The main battles with the bugs, whether the Zulu-like onslaught on the outpost on Planet P (“this planet definitely crawls, sir”), or the running battle with the increasingly varied types of bug (fire-breathing, flying, fireball-out-of-bottoms-blasting) that includes Van Dien’s Rico making a hole in a bug’s back, then throwing a grenade in, are all superbly rendered, as you would expect from the director that gave Robocop and Total Recall so much gruesome heft. The effects continue to hold up (more so than the subsequent entries in the franchise that inevitably suffered from budget cuts) even 20 years on, with expertly rendered swarms of bugs alongside wince-inducing dismemberments, decapitations and, in one of the film’s finest moments, a man’s brains being sucked out through the top of his head.
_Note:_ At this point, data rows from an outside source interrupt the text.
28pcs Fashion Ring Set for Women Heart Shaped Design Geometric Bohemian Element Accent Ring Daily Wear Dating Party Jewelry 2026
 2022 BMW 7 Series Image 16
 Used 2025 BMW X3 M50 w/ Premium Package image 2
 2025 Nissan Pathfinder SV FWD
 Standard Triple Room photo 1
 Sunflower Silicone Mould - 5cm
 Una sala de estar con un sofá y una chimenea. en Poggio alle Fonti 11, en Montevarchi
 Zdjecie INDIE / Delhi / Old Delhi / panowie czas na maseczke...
Focussing for a moment on the assault on the outpost on Planet P, it is very easy for this sort of effects-heavy scene to lose its impact – almost meaningless multitudes of aliens, potentially chaotic editing, a loss of a sense of peril and scale – but Verhoeven delivers an astonishingly accomplished set-piece, melding the elements (bleeding-edge CGI, excellent original creature designs, suitably hefty props, a believable set, gruesome injury detail) together to impactful effect.
It is just one example of Verhoeven’s impeccable control over the film. A few years later he would show with Hollow Man how easy it is to lose a film’s substance in the process of showing off new CGI developments. But there were no such problems here – it was his film, made his way. He said what he wanted to say the way he wanted to say it and employed FX in service of a story rather than as an end in itself.
“Everybody fights, no one quits.”
Plenty of sci-fi films have displayed intelligent sub-text (though the 1990s offerings were better known for their bombast than anything else), but it was the way Starship Troopers so effortlessly alloyed its undertones to the surface excitement that truly set it apart. Yes, the violence was extreme (how on earth it garnered a 15 rating for its theatrical release is entirely beyond me), but the thrills and viscera of the action sequences are undeniable. Square-jawed heroes, scenery-chewing supporting stars, buckets of blood, Patrick Muldoon literally losing his mind, Marshall Bell more figuratively so, Michael Ironside epitomising the film’s ramped-up B-movie credentials. It had everything.
The film’s legacy would of course be diluted by its immediate sequels, but we don’t dismiss or marginalize Jaws because of the shortcomings of Jaws: The Revenge, so we should continue to appreciate Starship Troopers for all it represents – a director demonstrating how to disguise satirical commentary as popcorn entertainment, while delivering one of the most viscerally thrilling science fiction films of many a year.